Table 7 summarizes the performance of G-SNPM in terms of overall mapped SNPs and running time. Results are reported for all experiments we performed and are distinct according to the mapping option. As previously explained, G-SNPM tries to remap against the overall genome sequence those SNPs that have been unmapped against the same chromosomal sequence detected by the chip vendor. In these cases, analysis at the second stage of G-SNPM can require a very long running time. G-SNPM by default tries to align these SNPs only at the first stage. To force the second stage alignment, users must specify the "D" option. In the table, results are summarized for both cases. It should be observed that the running time greatly increases when the "D" option is used. Only a small percentage of SNPs is further mapped against the overall genome sequence at the second stage of G-SNPM. The time for mapping the SNPs of chip HH300, version 2, do not change after activating this option "D", as all SNPs are in fact mapped at the first stage. Moreover, the table shows that G-SNPM aligns almost 1.2 million of SNPs of the HumanOmni 1S chip faster than the almost 370 thousands SNPs of the CNV370 chip, version 3, and the almost 318 thousands SNPs of the HH300 chip, version 2. Justification must be sought in the fact that in the HumanOmni 1S chip almost all SNPs are mapped at the first stage of G-SNPM. As for the others, G-SNPM required more time to try to map SNPs at the second stage. Table 8, summarizes the number of sequences that G-SNPM tried to align at the second stage of the pipeline and its related processing time. Results shown in Table 8 highlight the presence of a considerable imbalance with respect to the number of sequences processed at the first stage (for instance considering the HumanOmni 1S chip, G-SNPM processed about 1.2 millions of SNPs against the build 37.1 in 20 minutes, of which 13 minutes to process 17 sequences at the second stage).
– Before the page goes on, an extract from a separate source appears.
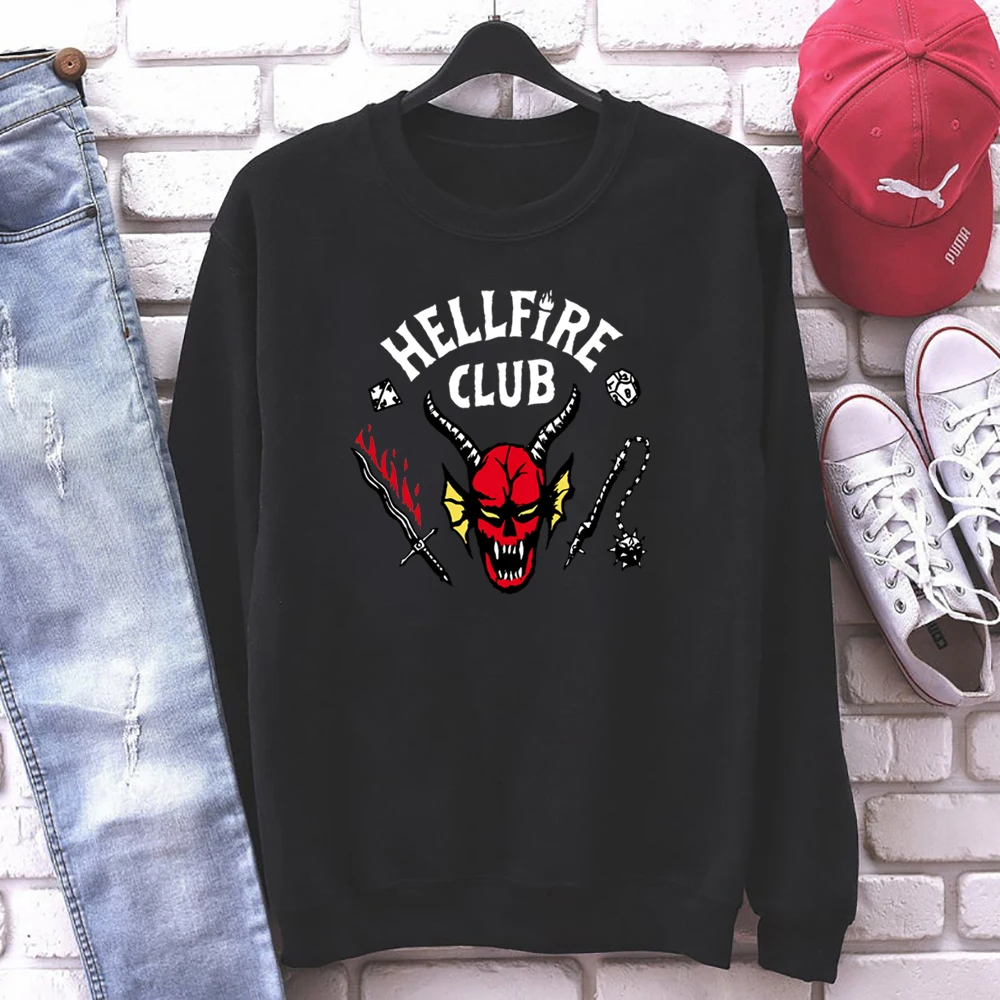 Stranger Things Hellfire Club Sweatshirt DND Inspired Hellfire Club Eddie Munson - £103.52 GBP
Table 7 Overall analysis of mapped SNPs and running time
Table 8 Analysis of the performance at the second stage of G-SNPM


G-S NPM is a useful and powerful tool that can simplify the work of researchers that plan to remap the SNPs chromosomal positions before to perform any GWAS. Typically, researchers use sequence alignment tools as BLAST or BLAT to update the mapping position of a SNP to a genome or a transcriptome. However, no generalized and/or computationally efficient solutions have been proposed to address this problem. G-SNPM is the only general-purpose tool devised to deal with the mapping of SNPs. Being based on modern GPUs, it exploits the computational power of these hardware accelerators to guarantee a very fast mapping without compromising the accuracy. G-SNPM can be easily integrated in specialized pipelines and workflows devised to cope with specialized GWAS, as well as annotation tasks that requires to remap the SNP probes.